INPUT DATA:

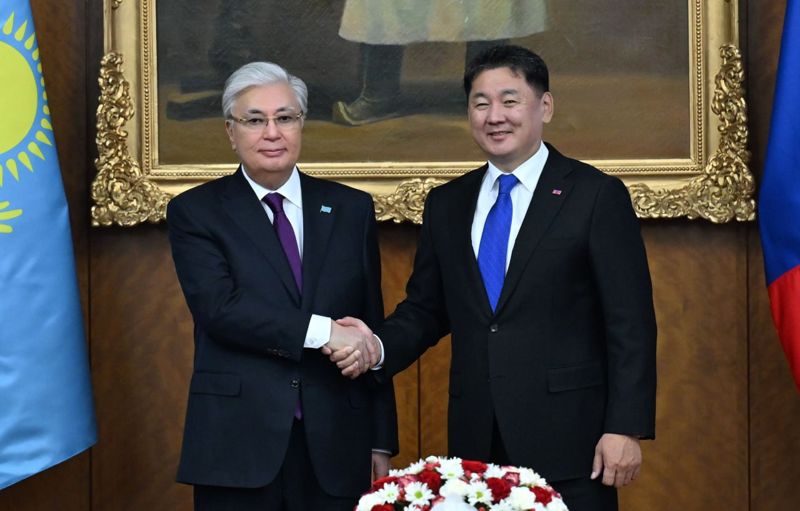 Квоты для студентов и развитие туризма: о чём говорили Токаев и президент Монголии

...

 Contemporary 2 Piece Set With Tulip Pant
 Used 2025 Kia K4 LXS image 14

---

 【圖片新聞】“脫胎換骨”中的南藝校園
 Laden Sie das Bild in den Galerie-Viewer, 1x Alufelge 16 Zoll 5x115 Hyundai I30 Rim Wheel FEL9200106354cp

TASK STATEMENT:
Your answer should be the lines above, from the line containing "Contemporary 2 Piece Set With Tulip Pant" up to and including the line containing "Used 2025 Kia K4 LXS image 14", reproduced exactly and with nothing else.

WRITTEN REPLY:
 Contemporary 2 Piece Set With Tulip Pant
 Used 2025 Kia K4 LXS image 14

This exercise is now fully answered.